Data Block Start

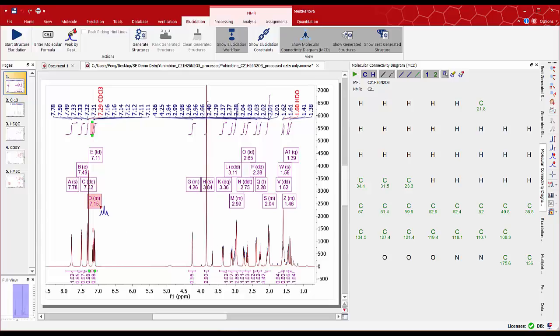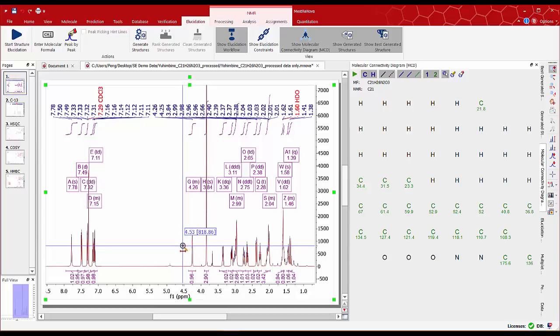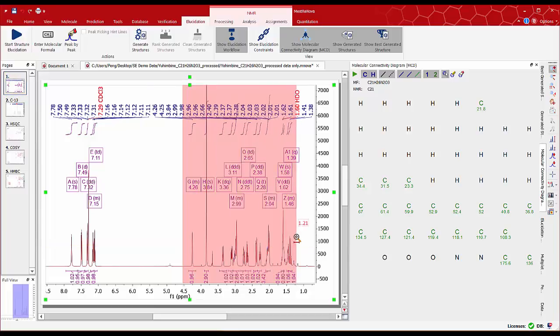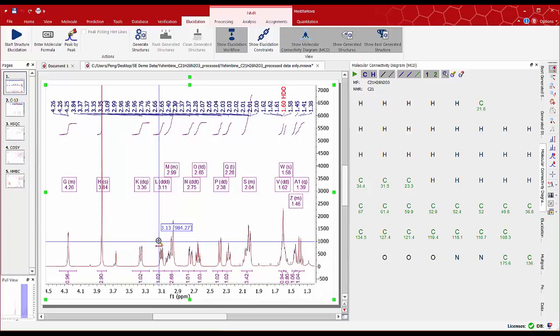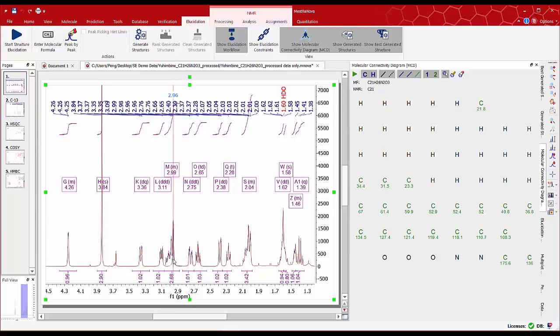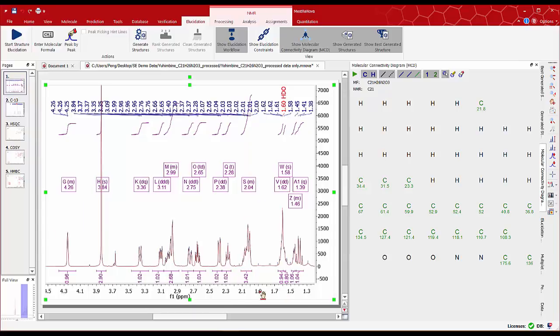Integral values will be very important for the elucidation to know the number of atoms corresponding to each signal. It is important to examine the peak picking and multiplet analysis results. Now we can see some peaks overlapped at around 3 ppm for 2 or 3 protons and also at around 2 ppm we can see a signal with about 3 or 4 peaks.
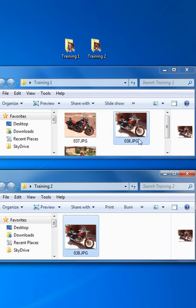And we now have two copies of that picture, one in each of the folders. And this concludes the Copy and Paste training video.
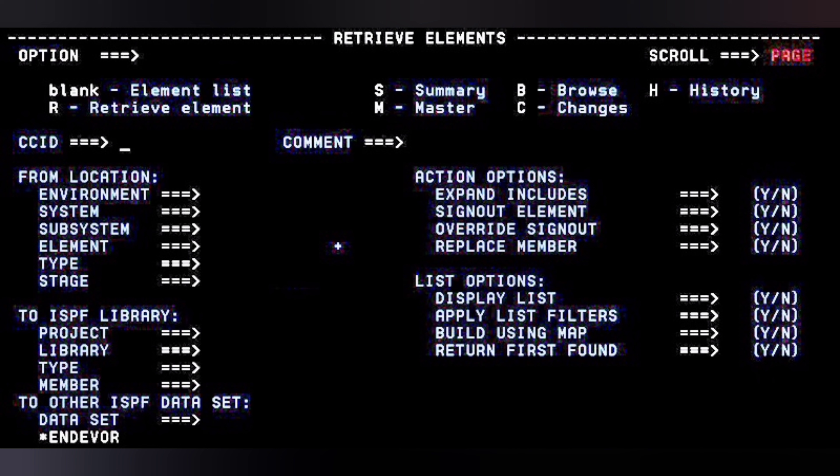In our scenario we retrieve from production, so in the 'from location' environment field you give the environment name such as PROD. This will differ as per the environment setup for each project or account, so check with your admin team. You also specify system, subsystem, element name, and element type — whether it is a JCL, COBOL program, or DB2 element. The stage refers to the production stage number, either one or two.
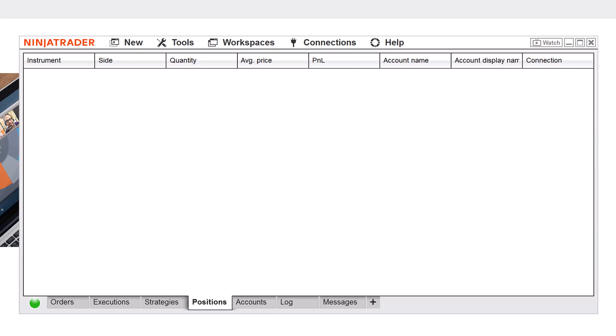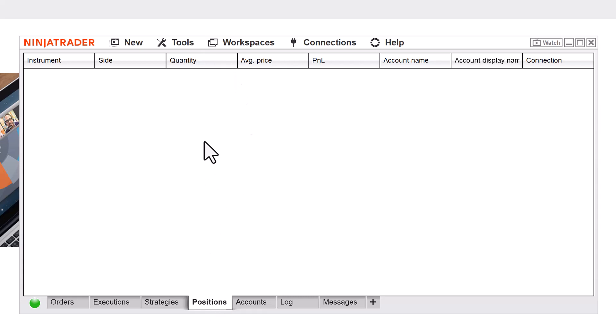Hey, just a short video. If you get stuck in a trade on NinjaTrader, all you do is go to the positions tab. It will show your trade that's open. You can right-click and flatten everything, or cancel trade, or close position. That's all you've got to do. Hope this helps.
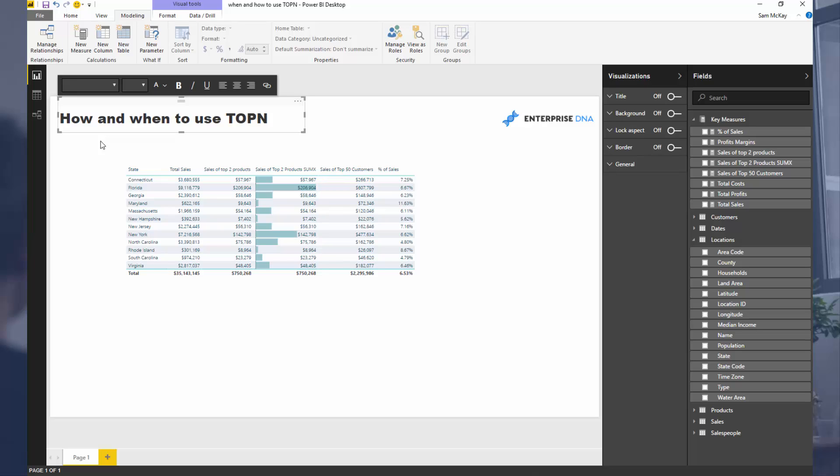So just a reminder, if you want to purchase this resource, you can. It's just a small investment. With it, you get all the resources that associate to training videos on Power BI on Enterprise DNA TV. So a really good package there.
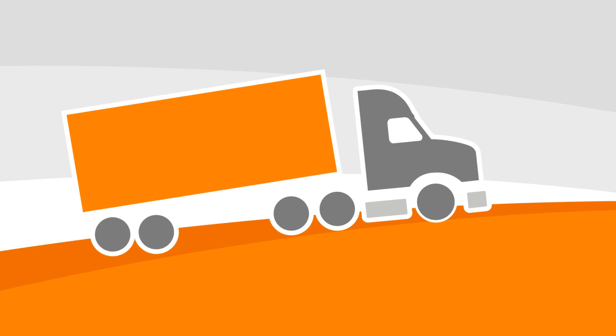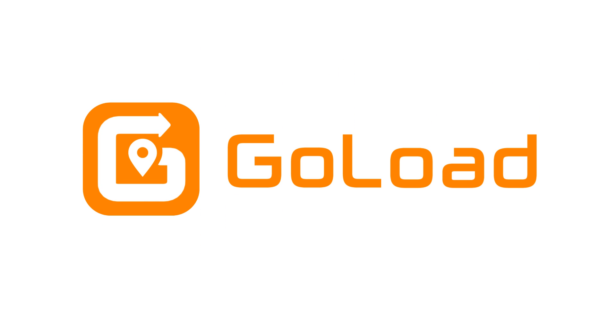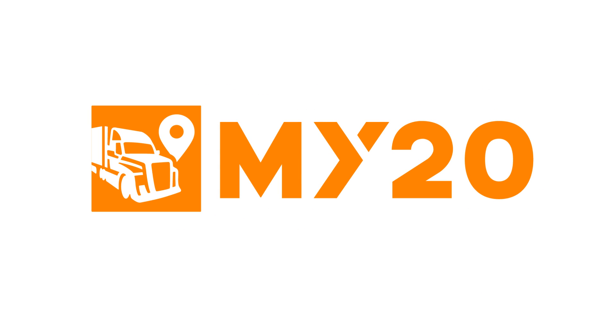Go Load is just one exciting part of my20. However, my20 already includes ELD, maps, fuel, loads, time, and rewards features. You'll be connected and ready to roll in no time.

Data Block End

Could you return, word for word, every line from the line with "Hey, just a" through the last line of the listing above, both ends included, without any pictures?

Hey, just a short video. If you get stuck in a trade on NinjaTrader, all you do is go to the positions tab. It will show your trade that's open. You can right-click and flatten everything, or cancel trade, or close position. That's all you've got to do. Hope this helps.
So just a reminder, if you want to purchase this resource, you can. It's just a small investment. With it, you get all the resources that associate to training videos on Power BI on Enterprise DNA TV. So a really good package there.
Go Load is just one exciting part of my20. However, my20 already includes ELD, maps, fuel, loads, time, and rewards features. You'll be connected and ready to roll in no time.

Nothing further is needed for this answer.